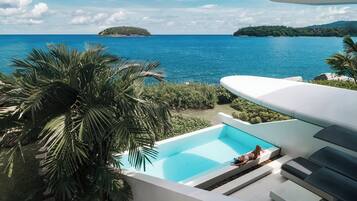 A pool with a view of the sea, surrounded by palm trees and a white structure.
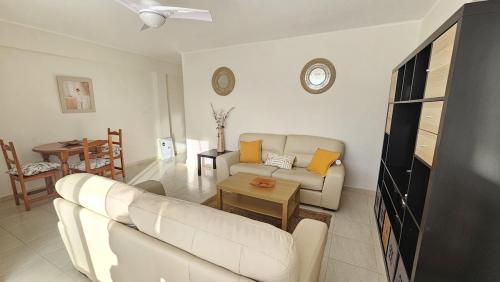 a living room with a white couch and a table at Apartamento Brisa Mar de Nerja in Nerja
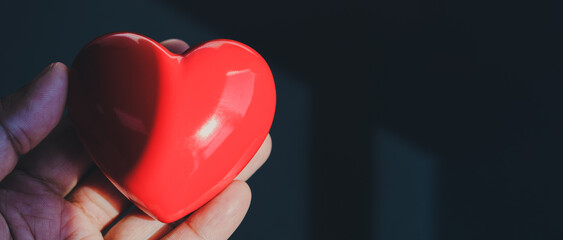 Hand holding red heart on black background, Health care, Life insurance, World heart day, World health day, CSR social responsibility, Valentine background concept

◆ **Aim of the task**
Write the data out again exactly, but without its images.

◆ **Output of the task**
 A pool with a view of the sea, surrounded by palm trees and a white structure.
 a living room with a white couch and a table at Apartamento Brisa Mar de Nerja in Nerja
 Hand holding red heart on black background, Health care, Life insurance, World heart day, World health day, CSR social responsibility, Valentine background concept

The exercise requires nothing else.